- [Work item]: An exact restatement of the data below, with the pictures removed, is the required answer.

- [Collected material]:
###
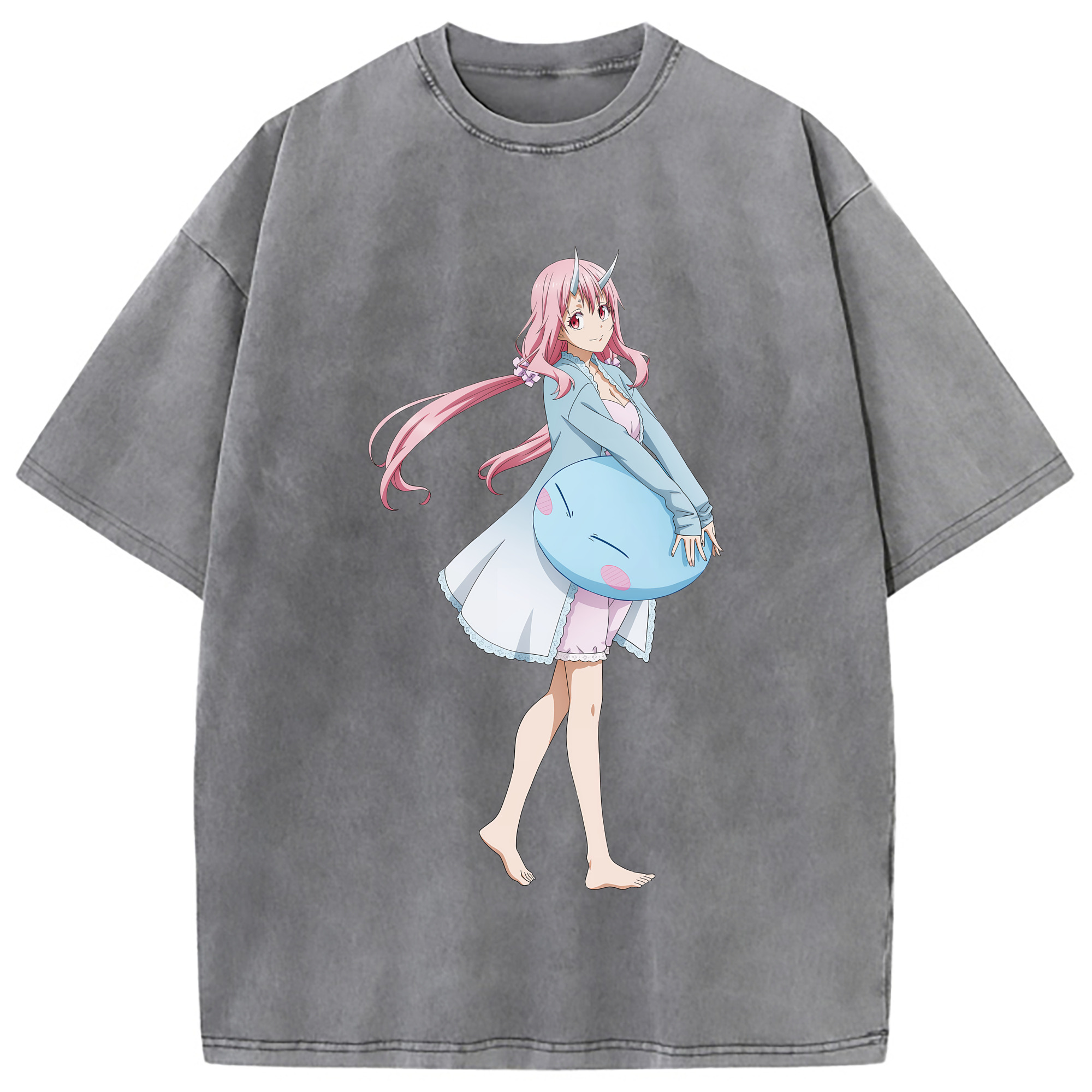 （画像用） 転スラ Regarding Reincarnated to Slime 綿100% ヴィンテージ風 半袖Tシャツ（フロントプリント）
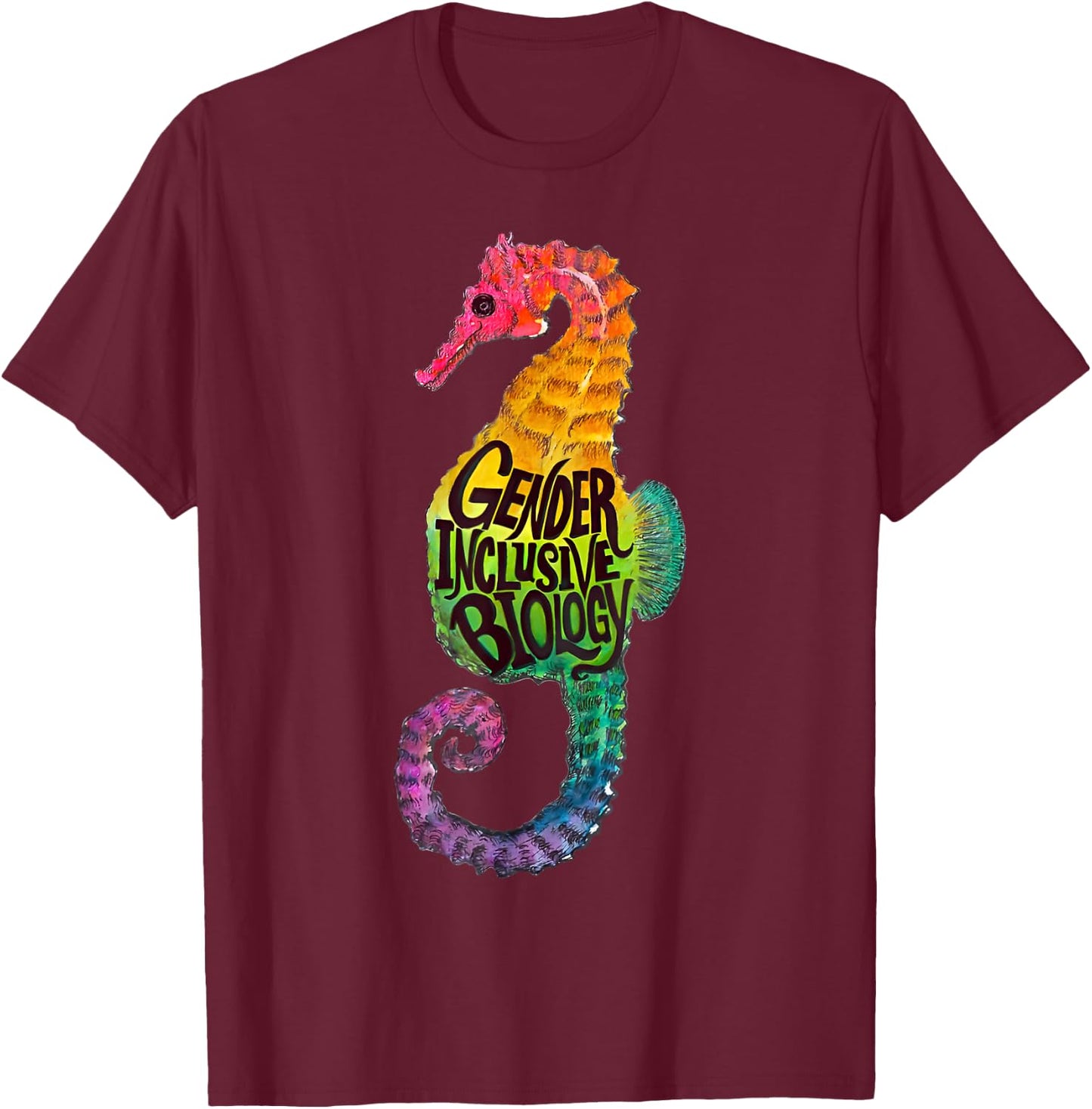 Rainbow Seahorse Dad Gay Pride Month LGBTQ Fathers Day T-Shirt - T-Shirt | Maroon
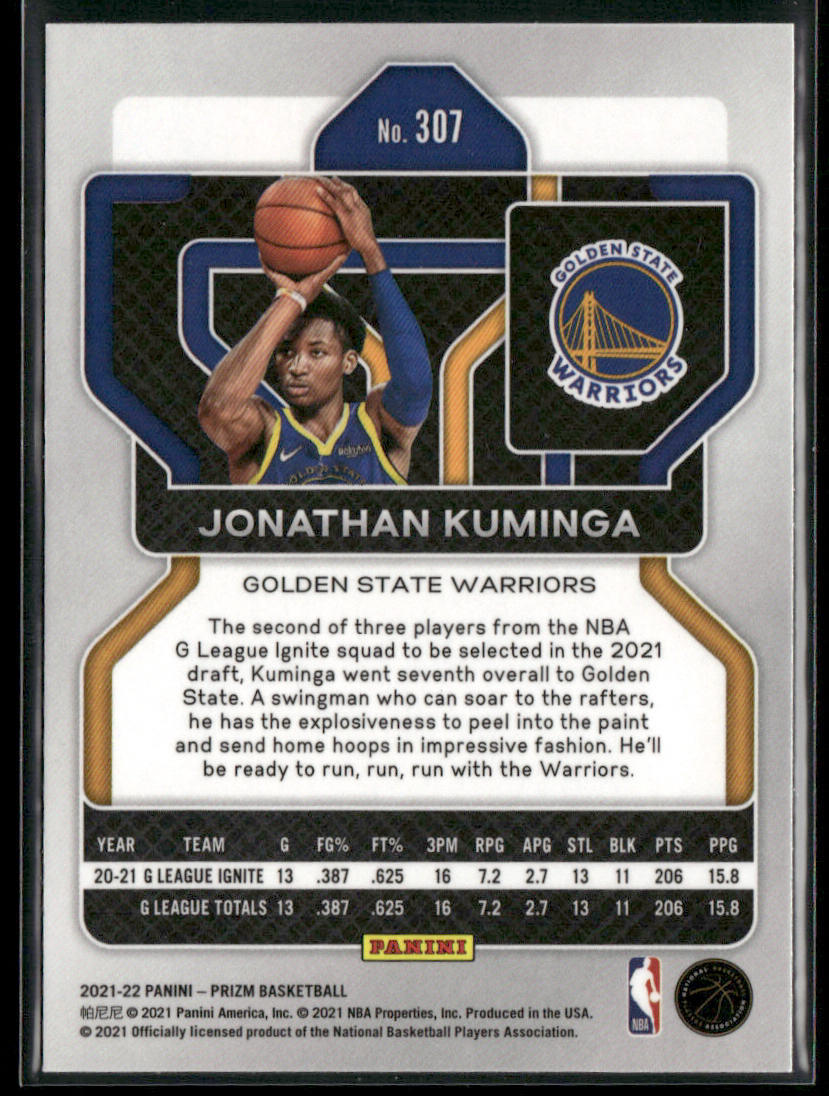 Jonathan Kuminga 2021-22 Panini Prizm #307 RC Golden State Warriors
###
- [Response]:
 （画像用） 転スラ Regarding Reincarnated to Slime 綿100% ヴィンテージ風 半袖Tシャツ（フロントプリント）
 Rainbow Seahorse Dad Gay Pride Month LGBTQ Fathers Day T-Shirt - T-Shirt | Maroon
 Jonathan Kuminga 2021-22 Panini Prizm #307 RC Golden State Warriors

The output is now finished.